À cette époque, les autochtones ont été de plus en plus nombreux à s’installer dans les villes. Ils y ont trouvé des occasions de créer des réseaux, de s’organiser et de devenir des activistes.

Dans les années 1970, la dirigeante aborigène Shirley Smith a plaidé pour que le financement gouvernemental du planning familial soit géré par le Aboriginal Medical Service. Les financements ont été progressivement transférés à l’Aboriginal Medical Service tout au long des années 1970. Les dirigeants des Premières Nations, comme Marcia Langton, ont travaillé par l’intermédiaire de ce Service, pour redonner aux femmes autochtones leur pouvoir et leur dignité.

Et aujourd’hui ?

Mais où en est aujourd’hui le droit des femmes des Premières Nations à materner leurs enfants ?

Aujourd’hui encore, la proportion d’enfants issus des Premières Nations placés hors du foyer familial est choquante : 43 % des enfants placés hors du foyer familial sont indigènes.
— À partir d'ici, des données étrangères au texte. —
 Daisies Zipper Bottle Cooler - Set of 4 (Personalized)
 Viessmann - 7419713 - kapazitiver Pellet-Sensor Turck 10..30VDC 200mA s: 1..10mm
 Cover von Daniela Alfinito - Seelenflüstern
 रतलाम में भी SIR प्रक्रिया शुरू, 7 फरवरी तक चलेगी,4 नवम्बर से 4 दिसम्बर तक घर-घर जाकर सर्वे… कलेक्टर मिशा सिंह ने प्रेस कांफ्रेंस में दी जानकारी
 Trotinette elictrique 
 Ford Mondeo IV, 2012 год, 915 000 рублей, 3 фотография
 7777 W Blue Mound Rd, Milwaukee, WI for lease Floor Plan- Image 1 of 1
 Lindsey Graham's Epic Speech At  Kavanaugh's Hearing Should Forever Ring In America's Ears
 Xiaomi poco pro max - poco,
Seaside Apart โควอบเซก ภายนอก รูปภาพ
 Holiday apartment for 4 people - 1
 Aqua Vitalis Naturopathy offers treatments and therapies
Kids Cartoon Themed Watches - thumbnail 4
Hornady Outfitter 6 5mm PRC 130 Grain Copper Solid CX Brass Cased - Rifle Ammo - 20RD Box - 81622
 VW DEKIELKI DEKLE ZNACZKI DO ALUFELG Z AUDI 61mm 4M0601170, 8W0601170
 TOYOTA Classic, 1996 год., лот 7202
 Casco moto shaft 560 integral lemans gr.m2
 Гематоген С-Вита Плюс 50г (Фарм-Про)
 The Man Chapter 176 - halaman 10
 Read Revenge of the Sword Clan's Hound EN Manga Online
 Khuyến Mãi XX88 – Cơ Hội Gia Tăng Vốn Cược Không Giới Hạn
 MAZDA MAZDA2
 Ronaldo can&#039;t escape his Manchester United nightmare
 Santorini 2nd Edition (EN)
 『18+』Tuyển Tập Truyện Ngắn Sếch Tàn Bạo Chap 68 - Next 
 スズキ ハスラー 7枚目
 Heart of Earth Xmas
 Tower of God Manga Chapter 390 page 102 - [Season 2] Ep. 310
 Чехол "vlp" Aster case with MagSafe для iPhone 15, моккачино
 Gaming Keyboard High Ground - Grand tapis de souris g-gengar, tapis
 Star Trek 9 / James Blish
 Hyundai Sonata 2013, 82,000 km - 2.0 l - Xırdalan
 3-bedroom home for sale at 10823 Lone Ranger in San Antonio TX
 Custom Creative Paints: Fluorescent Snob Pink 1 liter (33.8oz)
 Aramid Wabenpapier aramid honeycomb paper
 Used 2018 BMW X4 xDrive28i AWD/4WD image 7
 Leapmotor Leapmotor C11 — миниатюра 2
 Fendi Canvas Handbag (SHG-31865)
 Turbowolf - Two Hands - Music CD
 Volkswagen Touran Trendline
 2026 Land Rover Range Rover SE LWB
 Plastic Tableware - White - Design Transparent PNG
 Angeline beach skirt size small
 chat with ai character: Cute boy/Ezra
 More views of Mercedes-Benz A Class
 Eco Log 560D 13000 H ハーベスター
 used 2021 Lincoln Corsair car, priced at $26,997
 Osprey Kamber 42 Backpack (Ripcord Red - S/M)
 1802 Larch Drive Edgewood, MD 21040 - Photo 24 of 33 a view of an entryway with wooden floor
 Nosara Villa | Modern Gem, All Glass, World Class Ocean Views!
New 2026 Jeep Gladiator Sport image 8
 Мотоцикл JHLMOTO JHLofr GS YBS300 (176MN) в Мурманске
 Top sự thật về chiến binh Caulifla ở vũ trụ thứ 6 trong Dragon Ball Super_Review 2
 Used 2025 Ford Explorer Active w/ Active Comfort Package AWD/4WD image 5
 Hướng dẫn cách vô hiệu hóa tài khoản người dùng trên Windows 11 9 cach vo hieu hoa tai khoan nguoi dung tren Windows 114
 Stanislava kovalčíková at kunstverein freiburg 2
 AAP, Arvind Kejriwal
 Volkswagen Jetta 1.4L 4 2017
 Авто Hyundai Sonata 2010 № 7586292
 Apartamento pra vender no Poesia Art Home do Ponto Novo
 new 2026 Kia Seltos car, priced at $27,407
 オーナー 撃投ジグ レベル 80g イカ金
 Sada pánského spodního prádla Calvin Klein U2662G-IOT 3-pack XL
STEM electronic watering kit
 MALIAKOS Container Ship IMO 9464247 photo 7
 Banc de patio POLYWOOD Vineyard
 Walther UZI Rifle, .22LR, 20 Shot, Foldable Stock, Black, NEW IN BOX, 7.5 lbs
Si bien qu’il est possible de dire que nous sommes témoins d’une nouvelle « génération volée ».

Les femmes des Premières Nations continuent de prendre leurs décisions en matière de fécondité dans un contexte où le retrait d’enfants, ainsi que la violence domestique, demeurent élevés ; dès lors, nous devons nous demander à quel point le « choix » dont elles disposent est réel.

Compte tenu de la longue histoire des politiques eugénistes et discriminatoires en Australie, il est particulièrement important que les membres des Premières Nations puissent accéder à des soins de santé contrôlés par leur communauté et reflétant les approches holistiques des Premières Nations en matière de santé – en particulier lorsqu’il s’agit de la santé des femmes.

Les soins de santé pour les femmes des Premières Nations, gérés par et pour les Premières Nations, constituent le meilleur contexte pour que ces femmes puissent prendre leurs propres décisions en matière de fertilité. En tout état de cause, et malgré les efforts que le gouvernement a longtemps consacrés à réduire la population autochtone, nous constatons aujourd’hui que plus de personnes que jamais s’identifient comme indigènes – et la population des Premières Nations continue de croître.